‘Little Women’ // Film Review: Greta Gerwig’s Modern Take on a Beloved Classic

Louisa May Alcott’s classic 1868 novel, “Little Women,” has been heavily regarded as one of the most popular novels ever written. So popular that became a franchise afterward. There have also been many adaptations translated onto the screen, television series, and even stage musicals. Writer/director Greta Gerwig’s version would be the first I would come across this story. I heard of the 1994 movie, which earned Winona Ryder an Oscar-nomination for Best Actress, and there was a modern re-telling with Lea Thompson last year that nobody even heard of. But we can easily forget that one since this latest take on the coming-of-age tale won’t be forgotten soon.

What’s the Story: This follows the lives of the March sisters, Josephine “Jo” (Saoirse Ronan), Amy (Florence Pugh), Margaret “Meg” (Emma Watson), and Beth (Eliza Scanlen, Sharp Objects), as they are dealing with living their separate lives changing and supporting each other in times of struggle after the American Civil War ended.

Emma Watson, Saoirse Ronan, Florence Pugh, and Eliza Scanlen in Little Women (2019)

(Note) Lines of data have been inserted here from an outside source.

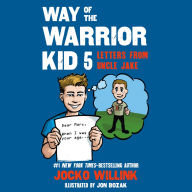 Way of the Warrior Kid 5: Letters from Uncle Jake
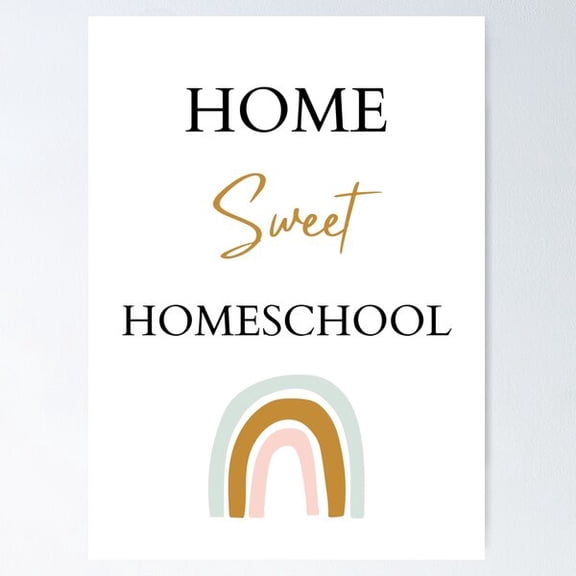 Home Sweet Homeschool, Rainbow, Minimalist Poster Wall Art, Modern Wall Decor For Living Room Bedroom, 8x12 UNFRAMED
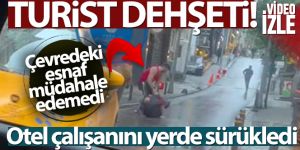 Amerikalı turist otel çalışanını böyle darp etti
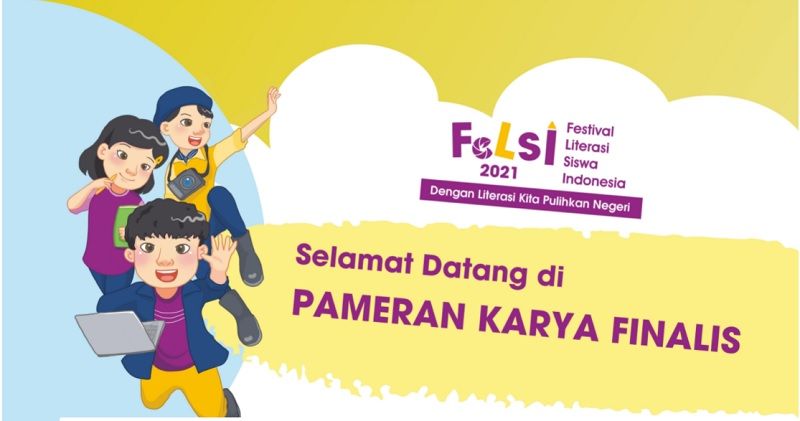 Kemendikbudristek Gelar Festival Literasi Siswa Indonesia (FeLSI) tahun 2021 Secara Daring, Yuk Simak Karya-karya Keren Mereka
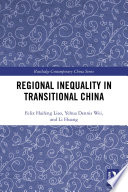 Regional inequality in transitional China /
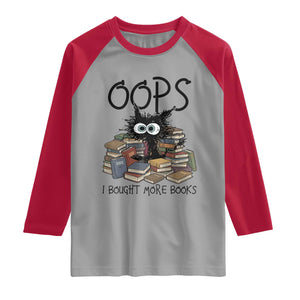 Funny Black Cat Bookworm Gift Raglan Shirt Oops I Bought More Books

For me, I was excited to see Gerwig’s sophomore effort in directing after 2017’s Lady Bird, which was one of my favorite movies that year with Ronan’s performance as the titular character being my favorite. It was the movie that got some Oscar love, including Best Picture, Best Director, and Original Screenplay. Though failing to win anything that night, she was allowed to helm this. Since I haven’t read the book, this was my first experience with the timeless story. But it already invested me in the film just based on the ensemble of talented actors. So, coming from this through new eyes, it’s easy to say we got one of the best movies to end the decade on a high note with Little Women.

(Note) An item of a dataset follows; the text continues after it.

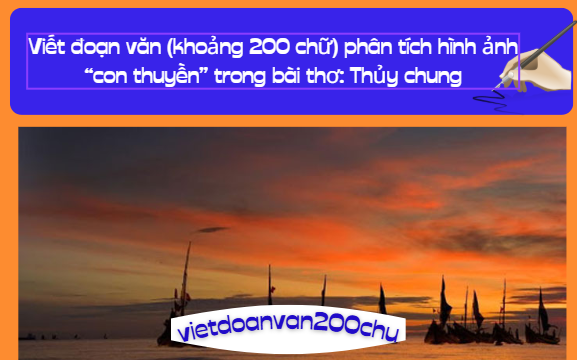 Viết đoạn văn (khoảng 200 chữ) phân tích hình ảnh “con thuyền” trong bài thơ: Thủy chung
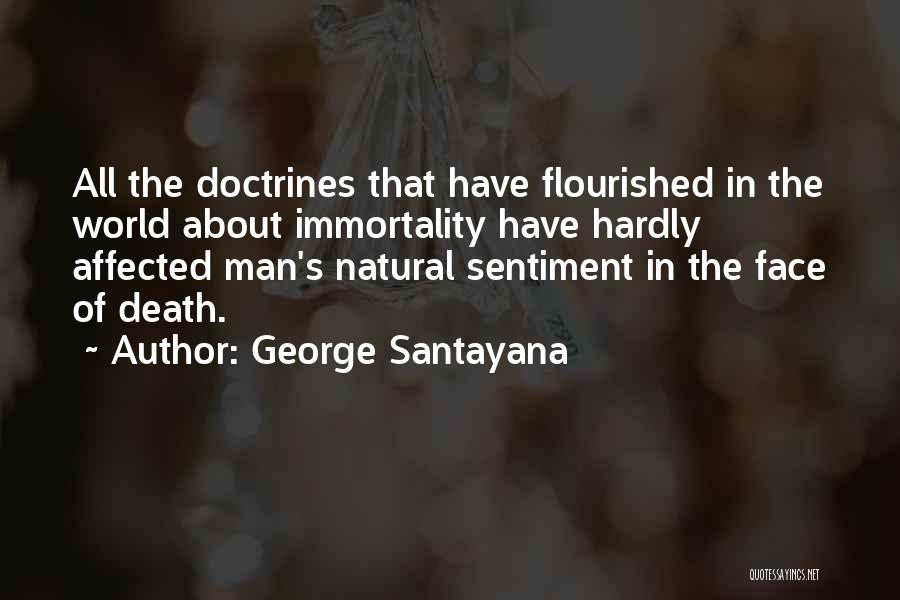 George Santayana Quotes: All The Doctrines That Have Flourished In The World About Immortality Have Hardly Affected Man's Natural Sentiment In The Face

When I first heard she was taking on a period piece, a part of me was a little worried this would be too modern and be too similar to what Sofia Coppola’s Marie Antoinette. But she handled this in a way that didn’t appear pretentious and understood the source material faithfully that will please fans of the book without making a ton of changes from what I assumed. Maybe she read the book when she was younger and felt keeping the setting in a quiet-like way that’s fitting to those who never had the chance to be involved with a story like this and feeling like these characters truly matter. In some way, it came as a surprise to learn this was more lighthearted even before more the dramatic work is ahead. Fun fact: She was pregnant with her son while filming.

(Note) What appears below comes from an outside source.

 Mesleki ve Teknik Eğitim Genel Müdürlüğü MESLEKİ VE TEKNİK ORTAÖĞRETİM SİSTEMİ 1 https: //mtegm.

Every single performance that Little Women offers never falls short of greatness. But just the sisterly relationship between its stars was believable with any of the scenes they shared. Working with the Gerwig once again, Ronan gives another unforgettable performance in here, as she is becoming one of my favorite actresses to watch. There’s nobody better to play Jo than her. A character who wants to become a writer and not tied down into marriage like everybody else. The fiercely independent kind of relatable woman, no questions asked. Could we see another Oscar nomination for the 25-year-old? Quite possibly.

There’s no other actress that had a big breakout year than Pugh. She already crushed it with Fighting with My Family and Midsommar, respectively, but her performance as Amy March beats out all when her biggest passion in life is to become a famous painter.

Watson was also wonderful as Meg, giving the best performance I’ve seen from her since The Perks of Being a Wallflower. Originally, Emma Stone was offered the part, and you honestly can’t see anyone else but Watson in the role. Scanlen might’ve gotten the least amount of screen time out of everybody else, but she sure can make a lasting impact on the characters as Beth, who loves to play the piano. The always lovable Timothée Chalamet as Theodore “Laurie” Laurence was just charismatic as ever. The chemistry he shares with Ronan or Pugh is unbelievable when you can feel the sparks between them when his heart is there for either on them.

Saoirse Ronan and Timothée Chalamet in Little Women (2019)

Then you also have Laura Dern in another great role this year as Marmee March (the other role being in Marriage Story), Meryl Streep as the wealthy Aunt March, and Chris Cooper as Laurie’s grandfather.

On a technical level, everything was perfect beyond belief. The cinematography by Yorick Le Saux was gorgeous, makes you feel like it transports us back to the past when these wide shots are unbelievably amazing. Probably the most stunning film by far this year. There’s this one shot where Ronan and Scanlen are on a beach I will remember as one of my favorite shots of the year. The costume design is truly becoming as aspect in period movies that I’m going to pay attention now, and the work done by Jacqueline Durran might just win her another Oscar. And finally, Alexandre Desplat has composed another marvelous and fantastic score that can’t be replicated.

When thinking of any problems I had with the film, it consists of time-jumps between years, and it was a little confusing at first since the characters look about the same. That might be a choice made my her since some say the other adaptations might’ve been told in linear form. But besides that minor issue, this was fast-paced enjoyment.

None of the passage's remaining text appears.